Editors' Picks - September 15, 2013

Editors' Picks - September 15, 2013

This week in Editors’ Picks we look back on the influential life of Ronald Coase, The Liberal Party’s economic skews, Obama’s upcoming decision on who should next lead the Federal Reserve, and much more. Read on for your latest fix on what’s trending in eco!

Tony Abbott: the situational Keynesian – Geoffrey Garrett

Keynes or Hayek? While one may perceive the Liberal Party as having a Hayek-ian skew, Geoffrey Grant explains why, in a post-GFC world, Abbott’s policies appear to be more influenced by Keynesian philosophy.

Ronald Coase and the Misuse of Economics – John Cassidy

Legendary economist and Nobel Prize winner, Ronald Coase, passed away this week at the age of 102. His unorthodox approach to economics and the establishment of ‘The Coase Theorem’ had a significant influence on contemporary politics. Cassidy reflects on the life of one of the most influential economists of the modern era.

Choosing the chairman – The Economist

With Bernanke soon to end his eight-year stint as the Federal Reserve’s chairman, President Obama faces the crucial decision of who to choose to fill his seat. The Economist offers its insight on final candidates, Larry Summers and Janet Yellen.
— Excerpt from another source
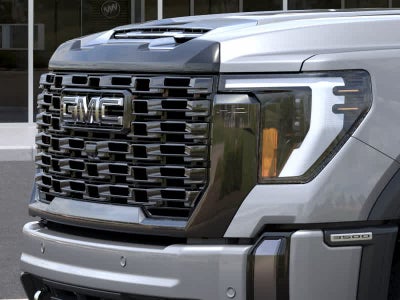 2026 GMC Sierra 3500HD Denali Ultimate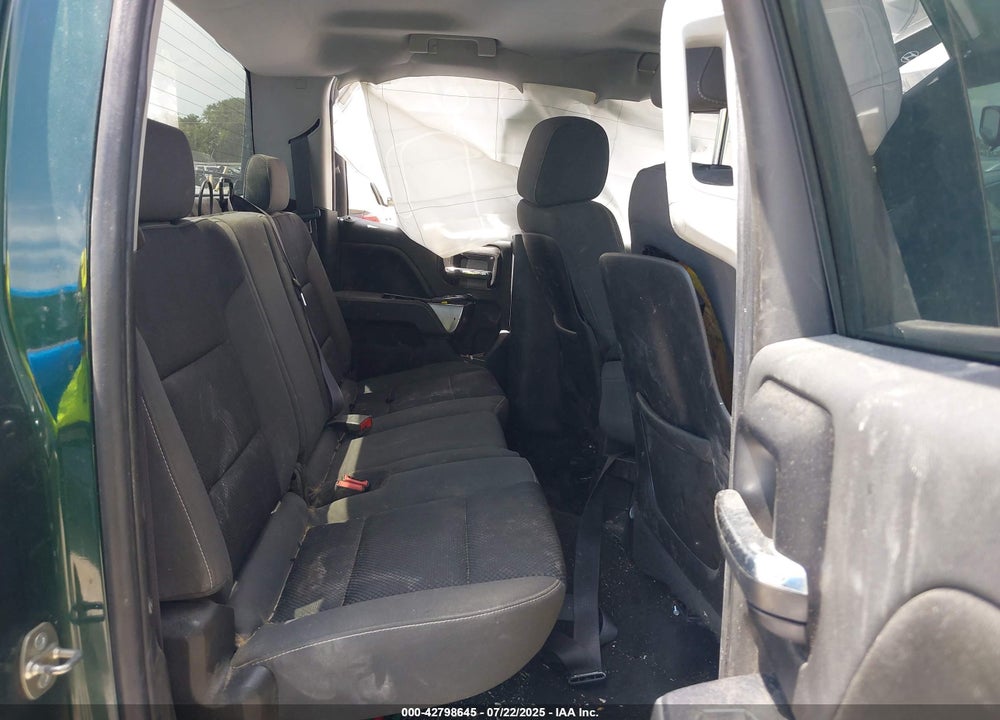 2014 CHEVROLET SILVERADO 1500 VIN: 1GCVKREC8EZ318202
The Changing Mood of Migration – Peter Sutherland

The emergence of a more enlightened approach to migration in the US foresees an American reform which would grant citizenship to over 11million migrants. The rationalisation for the US Senate’s reform is that the net benefit of migrants will be positive as a result of the nations increased accessibility to global talent, innovation, and creativity. Sutherland provides a thorough analysis of the impact this reform will have on the US and world economy.

The “Real” Unemployment Rate is 9.7 Per Cent – John Cassidy

Are the US jobs figures really what they appear? Another article from John Cassidy examines American unemployment, participation rate, population and market structure to reveal the unsettling conclusion that the US jobs market may be even weaker than statistics suggest.